WHAT YOU HAVE TO DO:
Your answer must be the lines from the one containing "Kashmiri Kahwa Herbal Tea" through the last line of the records below, copied exactly, with the pictures left out.

┌────────

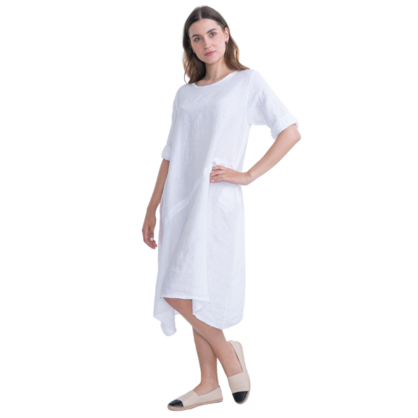 Lucia Linen Dress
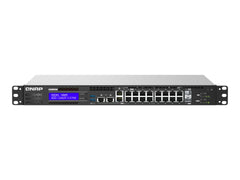 QNAP QGD-1602P-C3758-16G 8x 2.5GbE PoE ports 8x 1GbE PoE ports 2x SFP+ 10GbE 280W total power comsumption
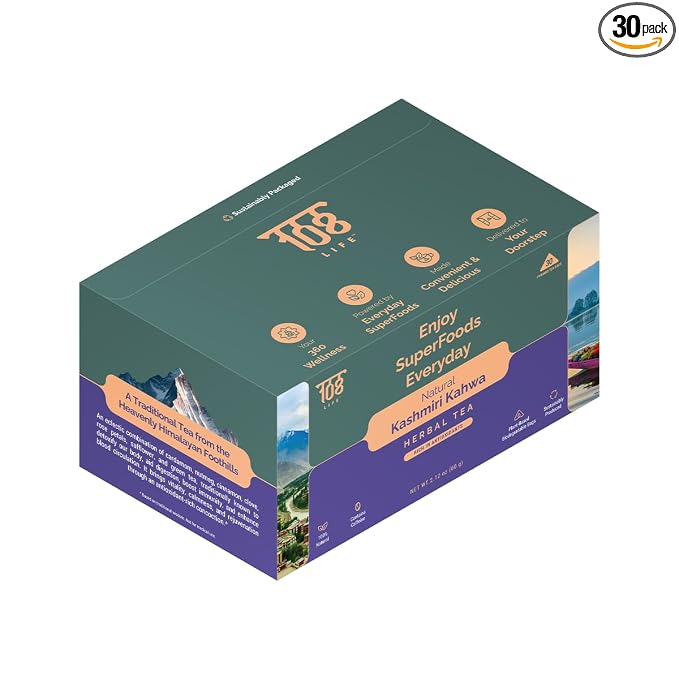 Kashmiri Kahwa Herbal Tea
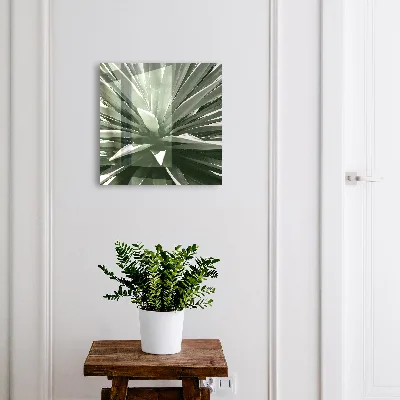 Boîte à clés murale décorative Agave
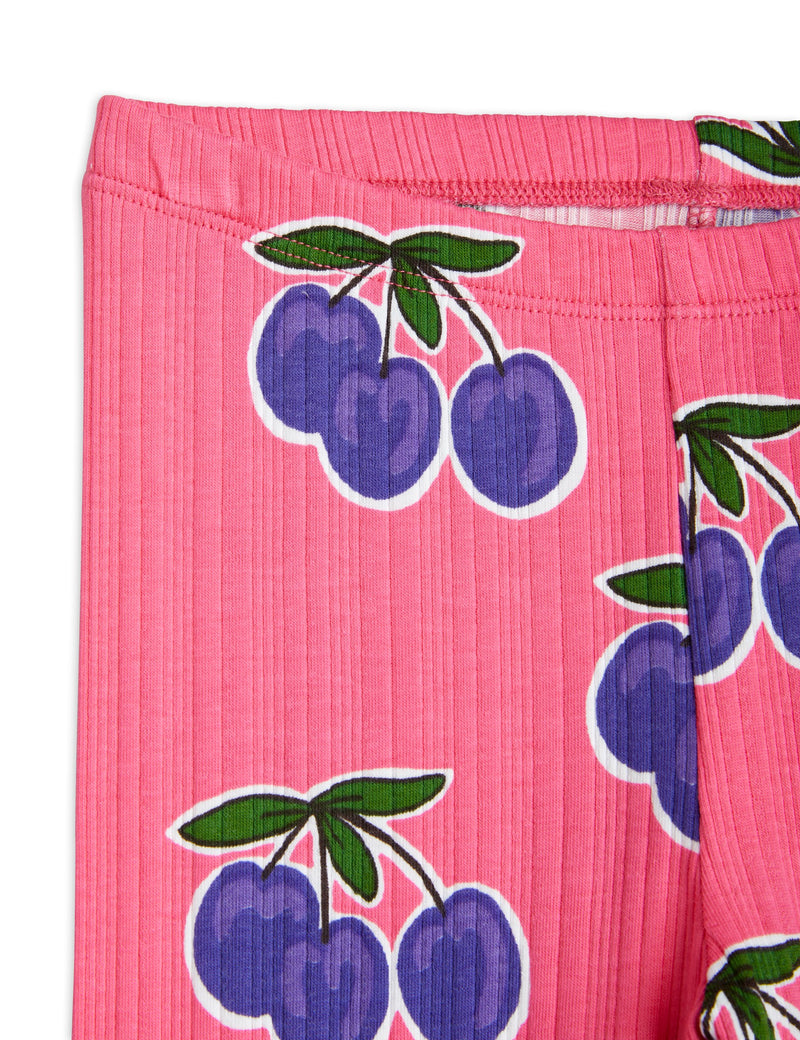 [Mini Rodini] Plum Leggings Pink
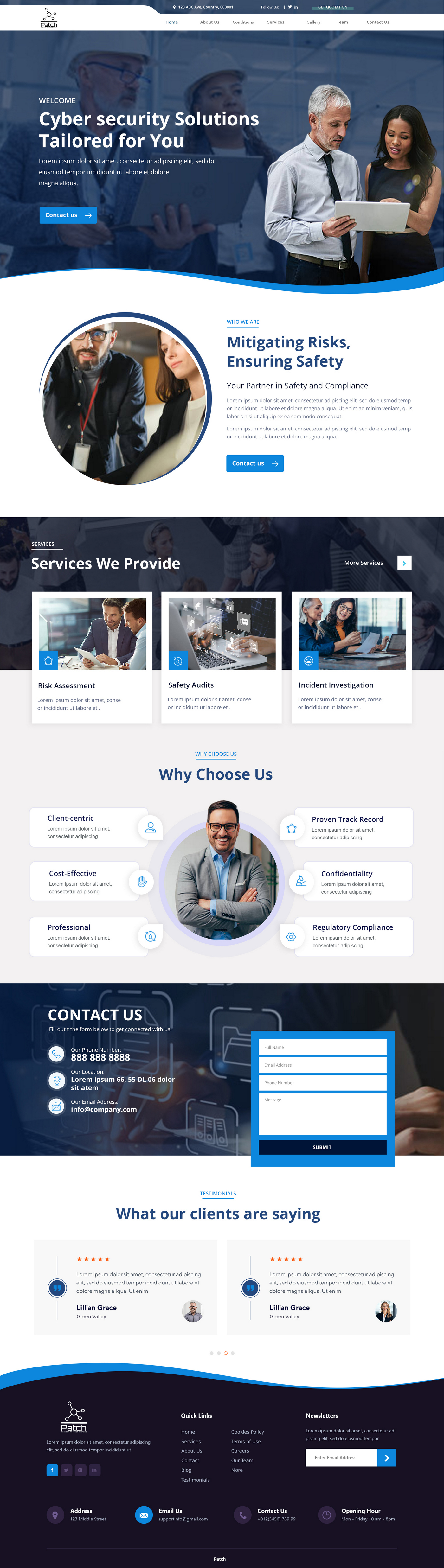 Diseño Web por Andrew Asiimwe para Stitch Project  | Diseño #33475894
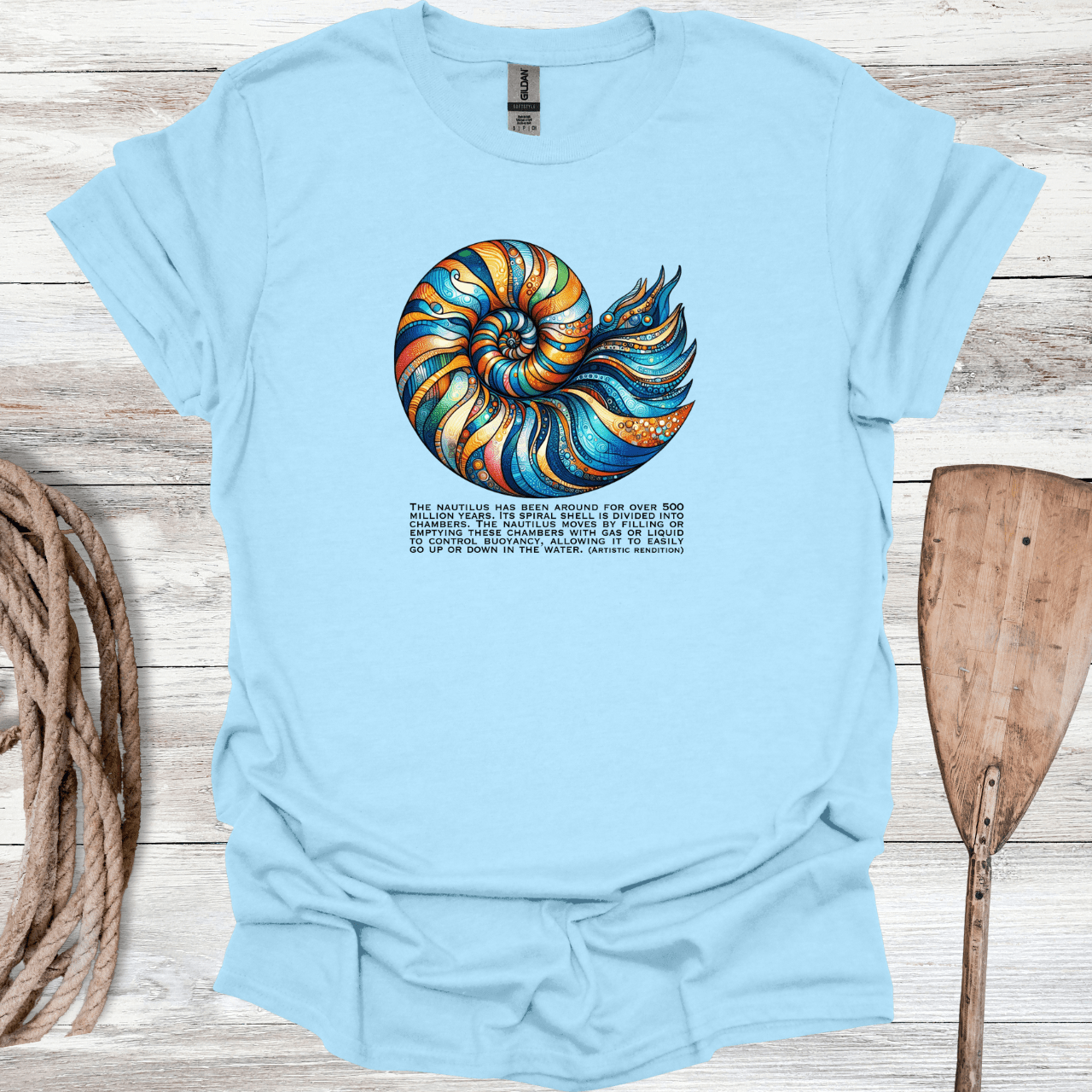Nautilus Ascension T-Shirt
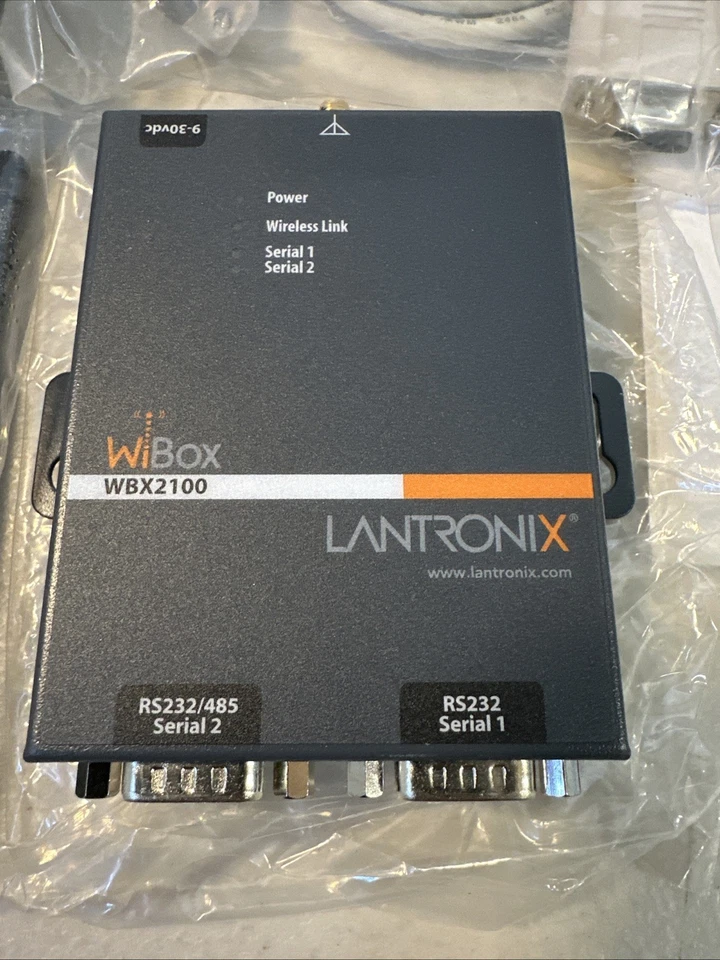 LANTRONIX WBX2100 TRANSMITTER MODULE L.T.E - Image 3 of 4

└────────

WRITTEN REPLY:
 Kashmiri Kahwa Herbal Tea
 Boîte à clés murale décorative Agave
 [Mini Rodini] Plum Leggings Pink
 Diseño Web por Andrew Asiimwe para Stitch Project  | Diseño #33475894
Nautilus Ascension T-Shirt
 LANTRONIX WBX2100 TRANSMITTER MODULE L.T.E - Image 3 of 4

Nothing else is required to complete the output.